Friday, June 27, 2008

San Antonio River Run

San Antonio offered a warm, muggy morning when we arrived at the River Walk and boarded a boat for a tour on the water. White linen tablecloths and napkins greeted us as we sat down to breakfast hors d'oeuvres, piping hot coffee and mimosas. A waitress from the adjacent Zuni Grill distributed menus. "We'll serve breakfast when you circle back around," she said.

Our driver, in a dapper white straw hat, piloted us along the water and regaled us with tales of San Antonio's rich multi-cultural history. We passed a metal sculpture and plaque that celebrated the first mass held in San Antonio, in 1691, and a double-tier stone bell tower built during the city's 'mission' period, in the 1700s.
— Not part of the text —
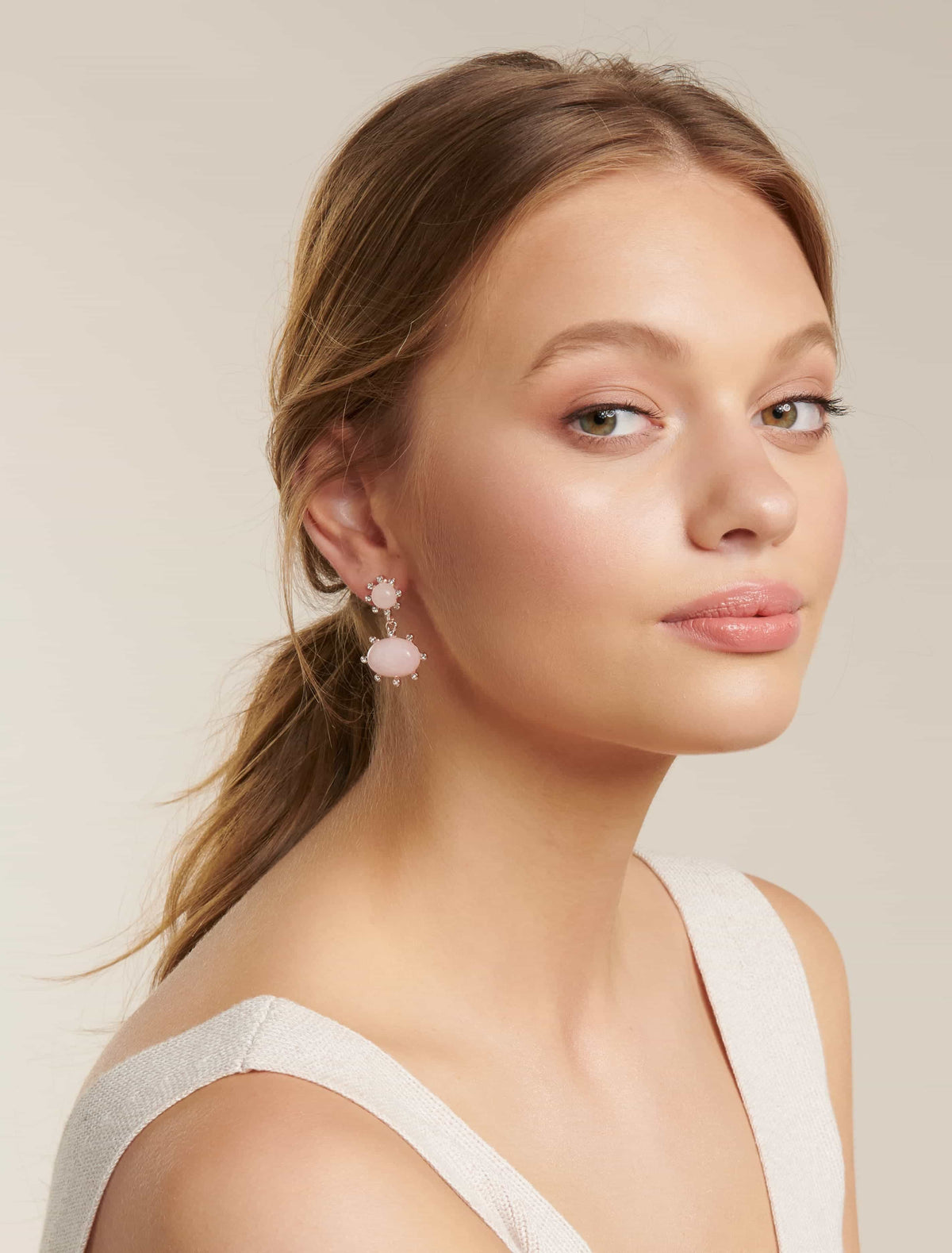 Alanah Double Drop Diamante Earrings Rose Gold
An ivy-covered foot bridge and adjacent Spanish-style stucco building with red tile roof resembled a European village.

We pulled in beside Zuni Grill and gasped as enormous plates of food arrived. My chilaquiles plate paired fresh eggs, cheese, corn tortillas and green chile sauce with a small bowl of fresh melon, and hand-cut grilled potatoes. Another mimosa, a coffee refill, and we were off again. As the sun poked through gray clouds, passengers on other boats looked longingly towards our breakfast feast and we turned our attention to the now-bustling River Walk.

Tuesday, June 24, 2008

Mexican Comfort Food

Although our family is far from vegetarian, I do make a vegetarian entree at least once each week. We also like Mexican food, so I created this recipe to satisfy both requirements. I knew I had a hit on my hands when I shared some extras with our Hispanic neighbor, who said they were the best enchiladas he had ever eaten. See if you agree!

Red and Black Enchiladas
Makes 7-8 enchiladas

1 large red onion, rough chopped
1 tablespoon olive oil
1 ½ cans (15 ounce) black beans, rinsed and drained
2 cups Colby Jack cheese, grated
7-8 multi-grain tortillas (may substitute traditional flour tortillas)
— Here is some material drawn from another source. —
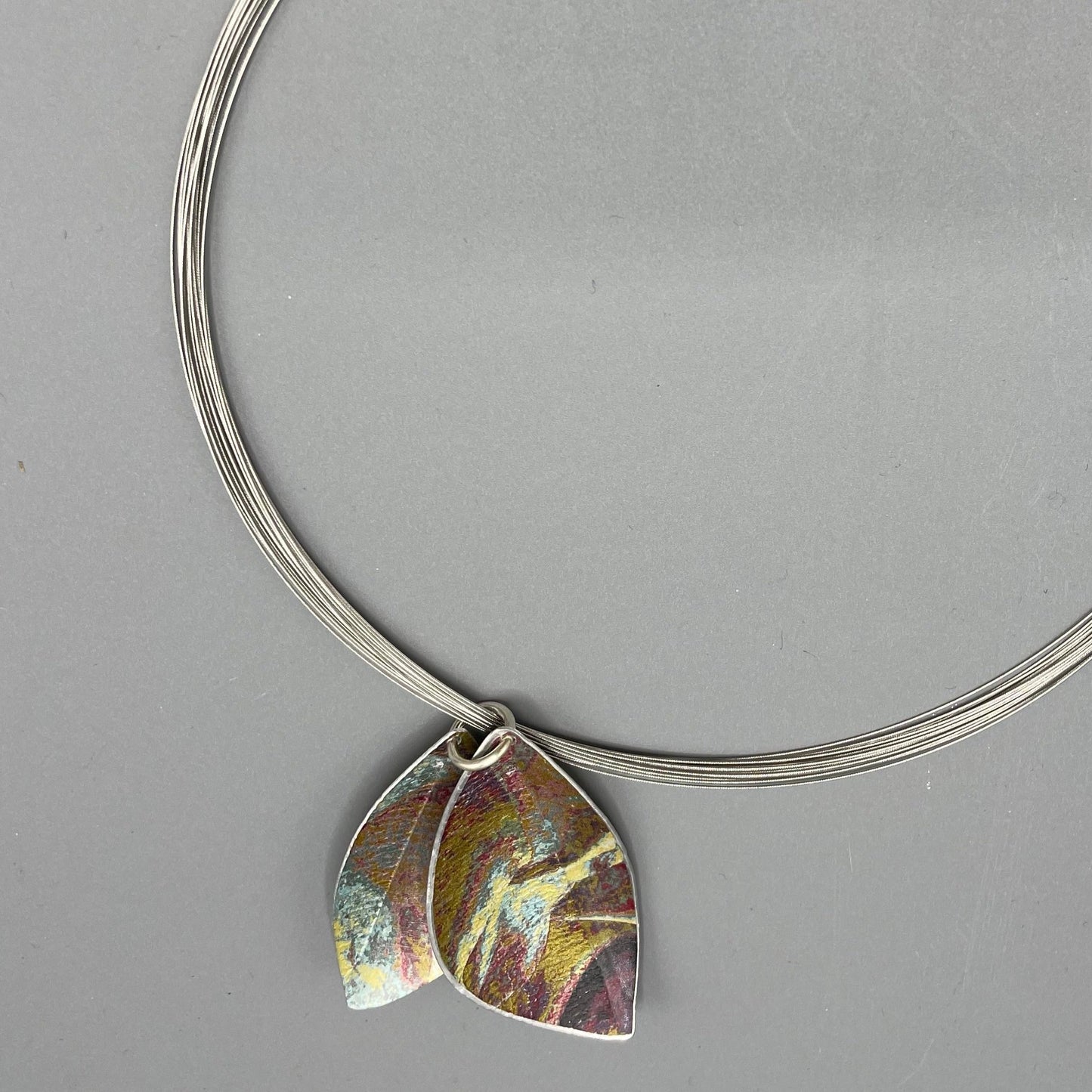 Jane Adam Anodised Aluminium Double Leaf Necklace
Easy Enchilada Sauce at,,FOOD_9936_10360,00.html
*For a vegetarian version of this sauce, use vegetable stock instead of chicken stock.

OR 3 cups canned enchilada sauce

9 x 13 pan
2 frying pans
tea towel

Cilantro for garnish

Spread half of the sauce (approximately 1 ½ cups) evenly across the bottom of a 9 x 13 pan. Sauté red onion in one frying pan until soft but not limp, about 5 minutes. Turn off heat and set pan aside.

Heat a dry frying pan to medium. One at a time, heat each side of a tortilla in the pan until small brown spots appear and the tortilla becomes pliable. Wrap 'fried' tortillas in the tea towel to keep them warm and soft. When all tortillas are fried, begin assembly.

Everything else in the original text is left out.